The Fund’s underweight position in the Colombian peso provided the largest benefit to performance in the fourth quarter. Due to Colombia’s high reliance on oil exports, and the subsequent decline in oil prices, the currency depreciated substantially. In addition, the Fund’s underweight to the euro, and euro-dependent currencies such as Hungary and Poland, aided performance. The euro suffered due to the anticipation of increasing bond purchases by the European Central Bank, lower inflation, and weak economic growth. An underweight to the Malaysian ringgit also helped performance as the currency underperformed due to Malaysia being the only net oil exporter in Asia.

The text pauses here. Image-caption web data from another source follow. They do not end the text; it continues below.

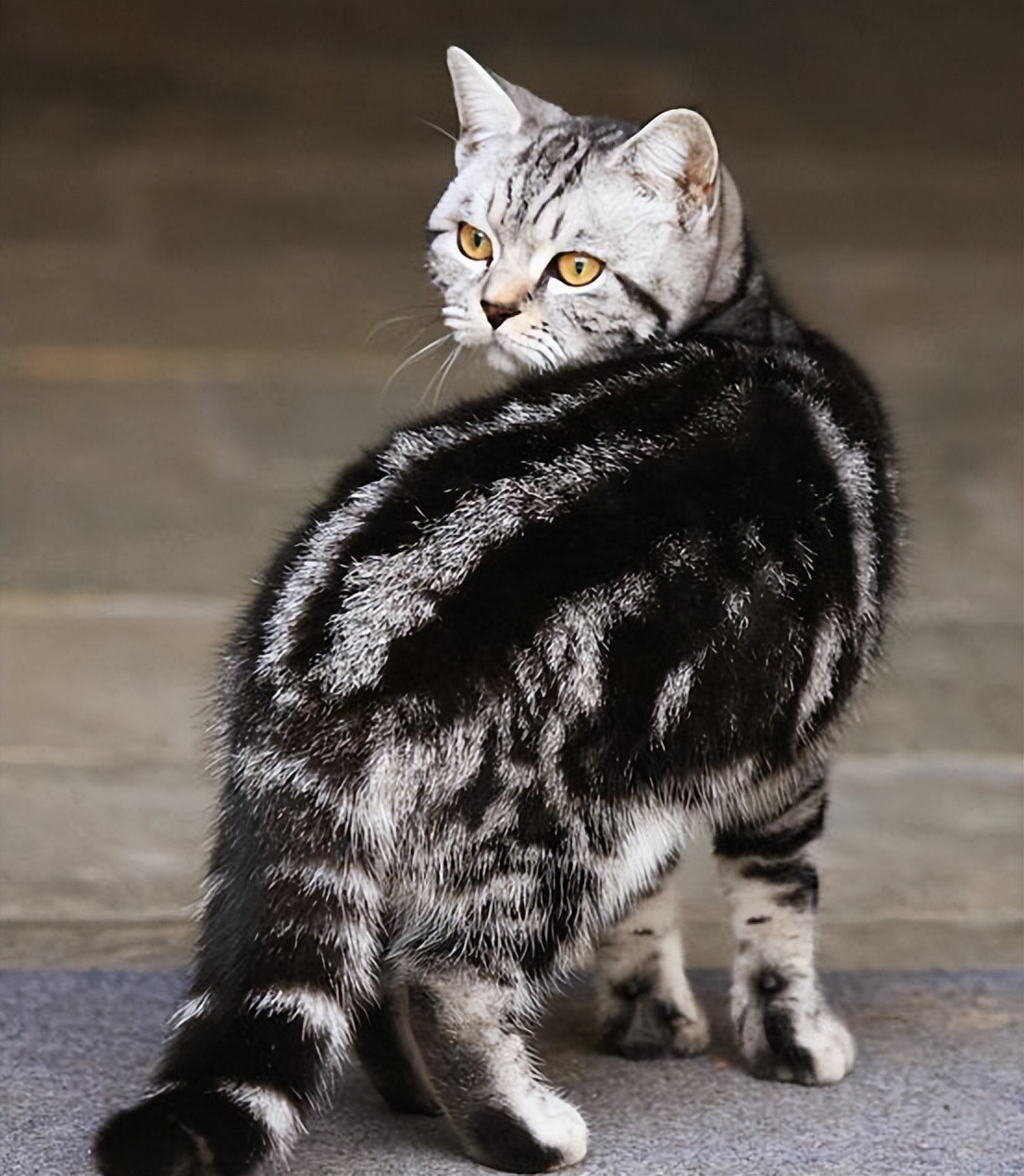 罕见灰狸花猫虎斑图片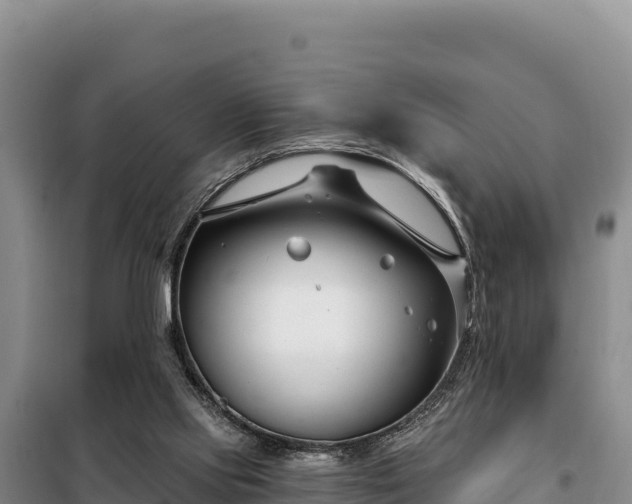 X0000099320061200805091051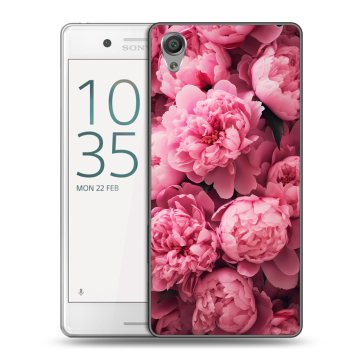 Пластиковый чехол на Sony Xperia X Performance с принтом цветы пионы Пластиковый чехол на Sony Xperia X Performance с принтом цветы пионы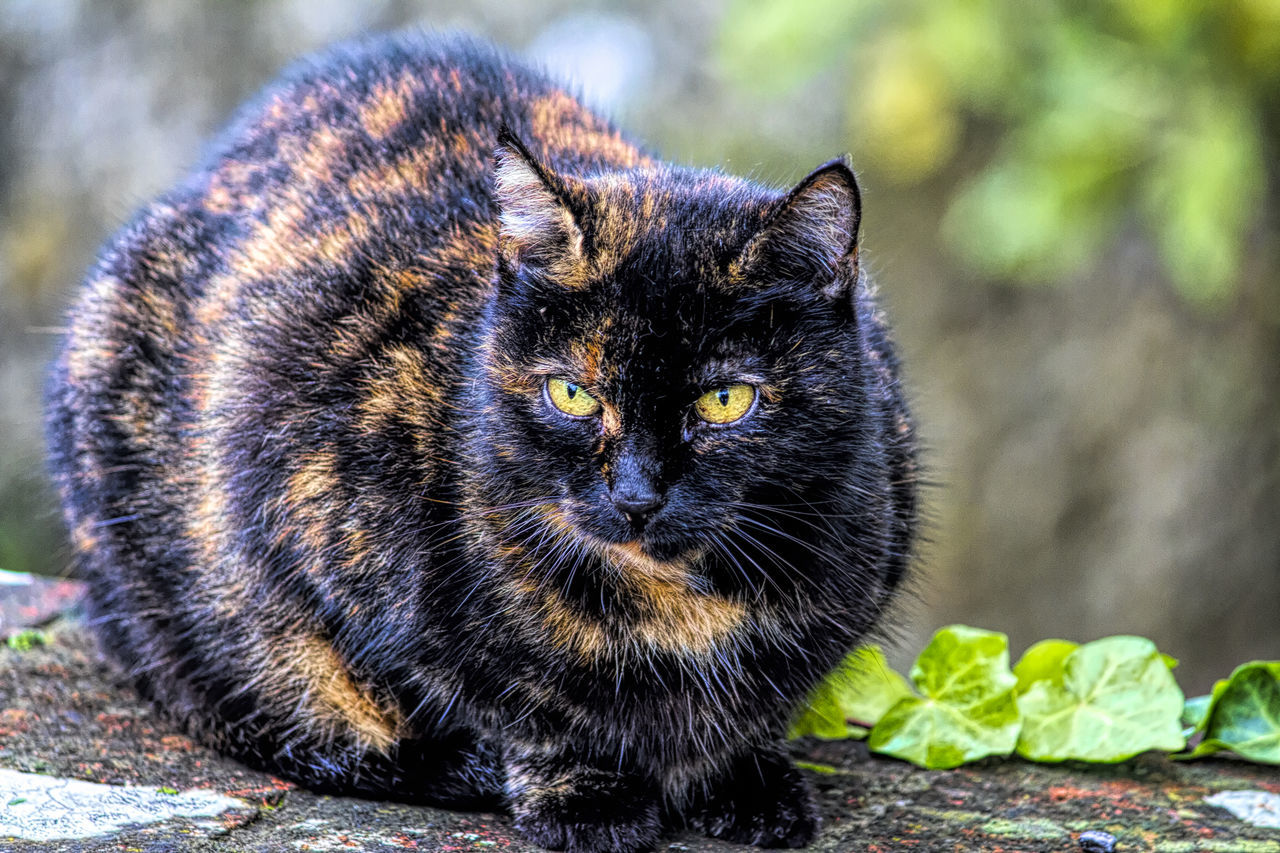 animal themes, animal, mammal, cat, pets, domestic, domestic cat, one animal, domestic animals, feline, vertebrate, focus on foreground, portrait, black color, looking at camera, close-up, no people, whisker, day, nature, yellow eyes, animal eye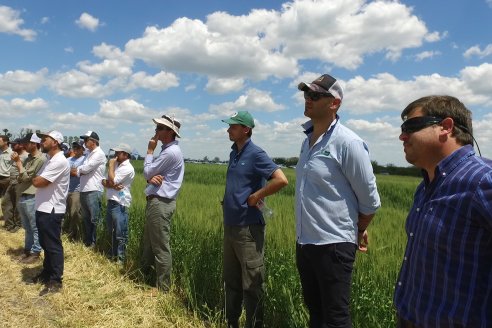 En Urdinarrain se dejaron ver trigales de alto voltaje - Jornada a Campo de Berardo Agropecuaria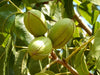 Pecans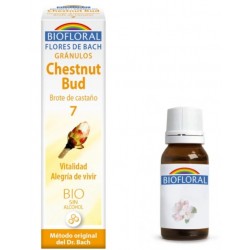 Biofloral Chestnut Bud - Chestnut Bud 7 (Vitalità e Gioia di Vivere) Fiori di Bach Bio Granuli Senza Alcool 9 g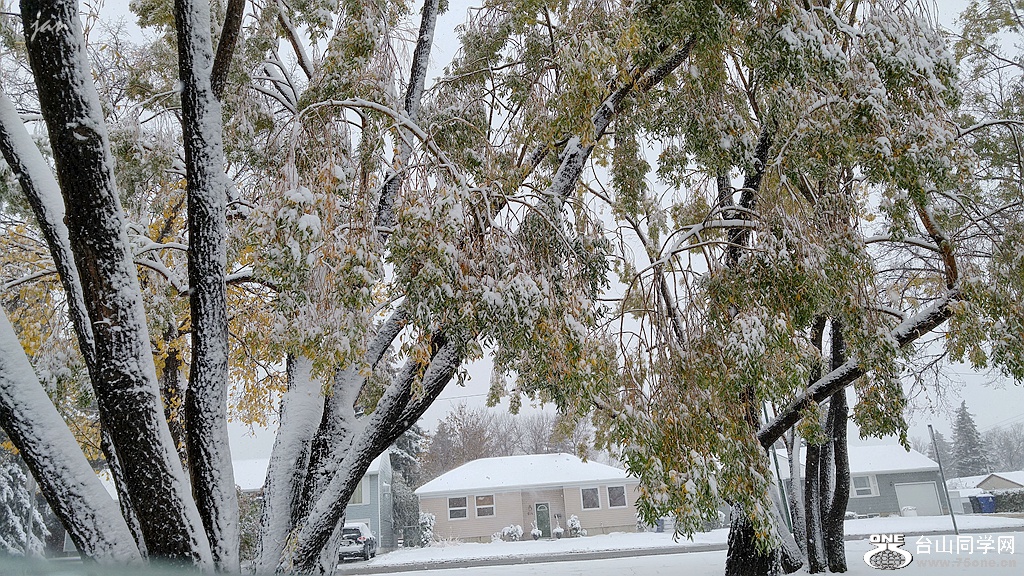 20161005_104218_HDR.jpg
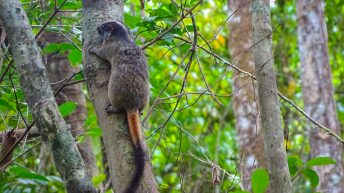 Chiclayo Chachapoyas Amazonia 86 344x193 - Dzika P&oacute;łnoc Peru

The primary detractor from performance was the Fund’s overweight to the Russian ruble. Anticipating a recovery of the ruble after the currency had hit unprecedented lows due to Western sanctions and continuing tensions in the Ukraine, the Fund reversed an underweight from the previous quarter prematurely as the ruble continued to slide. The volatility in the ruble was augmented by the slide in oil and the central bank’s unwillingness to provide support to the currency. Overweight positions in both the Turkish lira and Indian rupee hurt performance, despite the benefit that the declining oil price provides to net importers such as Turkey and India. The fall of the rupee and lira can be tied mainly to broader U.S. dollar strength and its impact on emerging market currencies in general. An overweight position in the Brazilian real detracted due to volatility around the presidential election and the delay in implementing policy changes in response to rising inflation and impending recession.

Please refer to under the “Portfolio” tab for a complete list of holdings of the Fund, including the securities discussed above.


After a challenging quarter for emerging market currencies, we anticipate that central banks are beginning to recognize the need to address the rapid depreciation of their currencies. Several emerging market governments have begun taking steps to minimize depreciation though intervention. Mexico, for example, restarted a program created in 2009 to sell options in order to limit depreciation of the currency. In order to stem declines in its currency the peso, Colombia halted a program that had regularly purchased U.S. dollars over the last three years. These countermeasures reflect the fearful sentiment of central banks throughout emerging economies in the face of not only currency depreciation, but also rising interest rates. We believe this is a positive sign for currencies as we move into 2015, as this fear will continue to drive central banks to action and lead to an eventual bottom in the broad decline across currencies.

Weakness in oil prices was the major factor driving currencies in the latter half of 2014; however, we believe most emerging market countries will ultimately benefit from this weakness. Several countries maintain fuel subsidies and as oil prices have dropped, these subsidies have been removed. In many cases, despite the removal of subsidies, fuel prices have nonetheless moved lower. Further, by removing fuel subsidies, government balance sheets are improving through lower spending.  

The divergence we witnessed in the third quarter was derailed in the fourth quarter as the fall in oil prices depressed emerging market currencies across the board. Since many countries will ultimately benefit from lower oil prices, we believe that the most important factor going forward is stability. If oil prices begin to stabilize, we believe divergences between countries will reemerge and currency movements will normalize.